Soybean markets continue to digest thoughts that not only are last year's soybean production numbers in the US being increased (as reported in this past Friday's USDA report) but so are this year's soybean estimates. Most analyst are now thinking the USDA's current 35.3 bushel per acre yield estimate could be 2-3 bushels per acre too low. Throw on top record production being anticipated for South America and you can see why many are starting to pencil in a much more palatable number in their balance sheets. In fact, Goldman recently lowered their 12-month soybean price outlook down to $13.50 a bushel. Keep in mind, this is down about $2.50 a bushel from the last forecast. Depending on what the latest trade estimates show us during the next couple of weeks, we may continue to stay under some supply side pressure. I should also note there were some rumors flying around yesterday that China might be thinking about imposing value added taxes on meats, poultry and eggs which could ultimately curtail demand and possibly ease feed usage to come degree. I continue believe there is more room to the downside as "supply" has not yet accurately been defined. My thoughts are we are going to end up with more bushels in the October report than what the USDA last estimated. I continue to believe near-term technical support is right around the $15.35 area. If this level doesn't hold I am afraid the soy market could quickly tumble to the mid-$14's. In any regards, I have to imagine that final push during the next couple of weeks will mark the fall harvest price lows in soybeans. Be cautious, but it might be time to think about dipping a toe back in the waters.

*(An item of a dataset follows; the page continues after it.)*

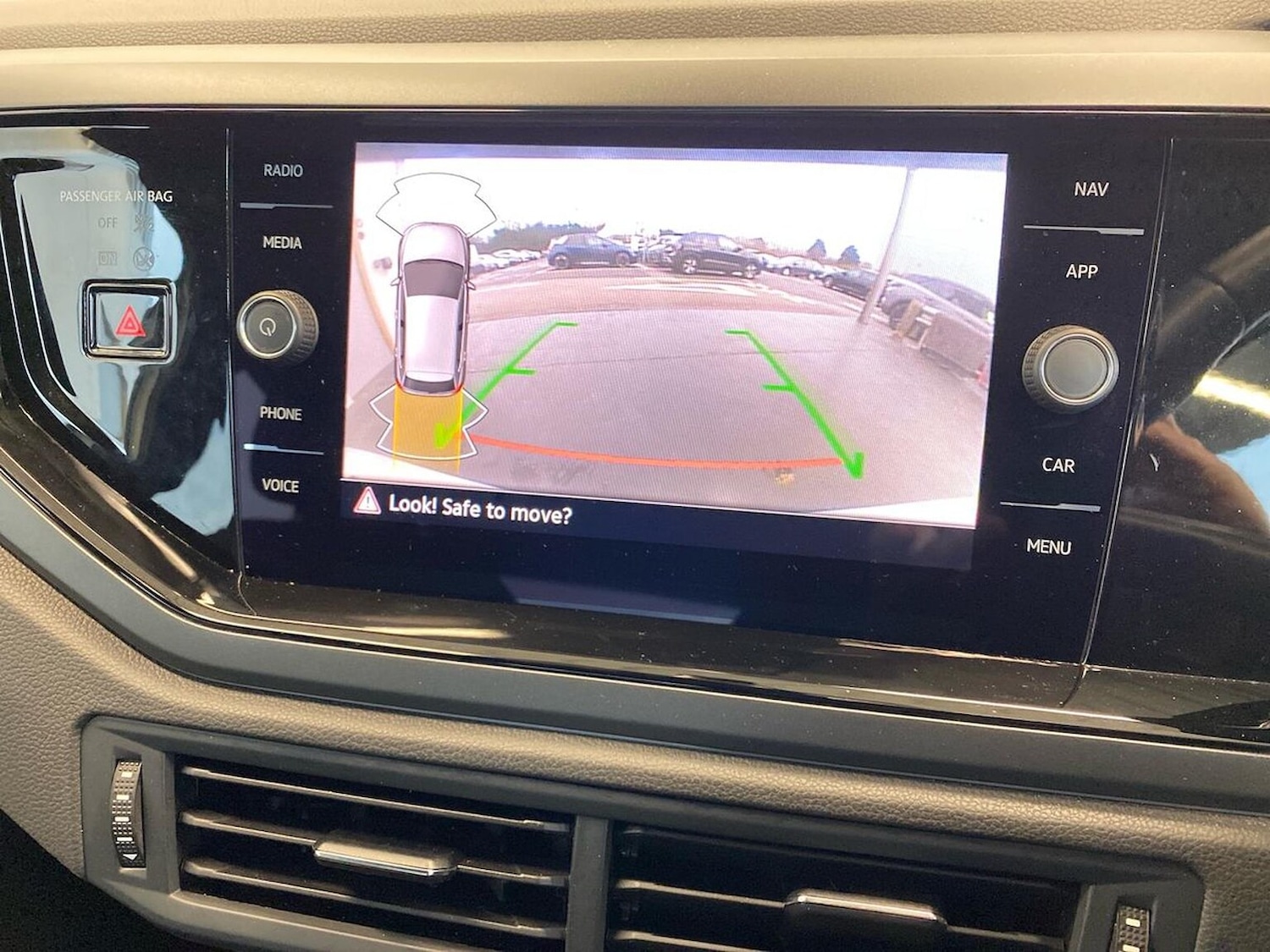 Used Volkswagen Polo 2023 for sale - 77077285: Photo 25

As for today the trade seems to be anticipating another round of somewhat more bearish crop data coming from FCStone, Informa, StatsCan, CONAB and the USDA during the next seven trading days. Thoughts are not only will yields improve to some degree but so will planted acreage estimates both in North America and South America. In an effort to stay ahead of the potentially growing production numbers the funds continue to use the rallies to lighten the load, exactly what they have doing the past few weeks. The "technical" picture is certainly becoming more clouded as well. As I have mentioned time and time again this is NOT the environment to be chasing rallies. Producers should have made all of their 2012 sales by this point, now content on storing a small portion of their bushels in anticipation of an early 2013 rally.